CPS calls for simplification of UK ISA regime

The proposal to simplify the UK’s ISA regime by amalgamating cash ISAs and stocks and shares ISAs has been supported in a report by the Centre of Policy Studies (CPS).

The report by the independent think-tank, ‘Retail Therapy: Making the case for share ownership’, has been written by CPS research fellow and former Government adviser, Nick King, and is endorsed by City minister Andrew Griffith MP.

It supports the idea of combining these types of ISAs and ‘Retail Therapy’ makes a number of recommendations to ensure that the proposal is sustainable, which includes urging the Government to create a ‘Retail Investment Strategy’ focused on encouraging more people to invest for the long-term.

The report states that there are currently nearly 10 million people with investable assets of more than £10,000 held in cash, of whom more than four million want to take at least some form of investment risk. However, it says that currently, “buying shares is treated by regulators as a more dangerous pursuit than gambling.”

Stating that successive governments have not done enough to address this, the ‘Retail Therapy’ report calls for a public awareness campaign, similar to the ‘Tell Sid’ campaign in the 1980s, which is supported by the Government, regulators, and the London Stock Exchange.

The report also wants to ensure that the odds are not unfairly stacked against retail investors, with a proportion of new equity offered through IPOs always being available to retail investors. It also calls for a rethink of disclaimers around retail investing to take a more realistic, positive attitude towards risk, with personal responsibility in investing embraced.

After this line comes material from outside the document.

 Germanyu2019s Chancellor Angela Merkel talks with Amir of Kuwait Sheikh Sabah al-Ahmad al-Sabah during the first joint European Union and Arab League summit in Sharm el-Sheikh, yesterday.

King said: "It is received wisdom that owning your own home is a good thing – it gives you a stake in society and is in many ways the foundation of the UK’s property-owning democracy. Sadly the same cannot be said for share ownership.

"Whether they are put off by high regulatory barriers, a lack of access to advice or a greater understanding of the opportunities which exist, the British public is missing out on the rewards that can come with individual investing. If our recommendations are taken on board, the UK can unlock billions in new investment – supporting a dynamic economy which will create the jobs, opportunities, and wealth of the future."

Investment platform, AJ Bell, called for radical simplification of the UK savings system earlier this year, proposing a consolidation of all existing ISA variations into one solution, making it easier for people to invest.

AJ Bell’s head of retirement policy, Tom Selby, said: “AJ Bell has long argued creeping complexity in the UK’s ISA regime risks putting people off using the product, alongside their pension, to save for the future. We now have six different types of ISA, with new versions added incrementally over the years with different aims and different rules.

“Any new investor engaging with ISAs for the first time would be forgiven for seeing this complexity, throwing their hands up in disbelief, and simply giving up before they’ve even started.

“Combining the best of the existing ISA regime in a single ‘One ISA’ product would make life much simpler, particularly for those who are less confident about their finances.

“The FCA and Treasury are rightly reviewing the advice/guidance boundary, with the aim of improving engagement and ultimately encouraging more people to invest for the long-term, in line with their goals and appetite for risk. This should hopefully result in reforms that both improve the guidance savers receive and increase the number of people who take regulated financial advice.

“With increasing financial engagement now a clear policy goal, it is absolutely critical we make sure the products we want people to engage with are as easy to understand as possible.”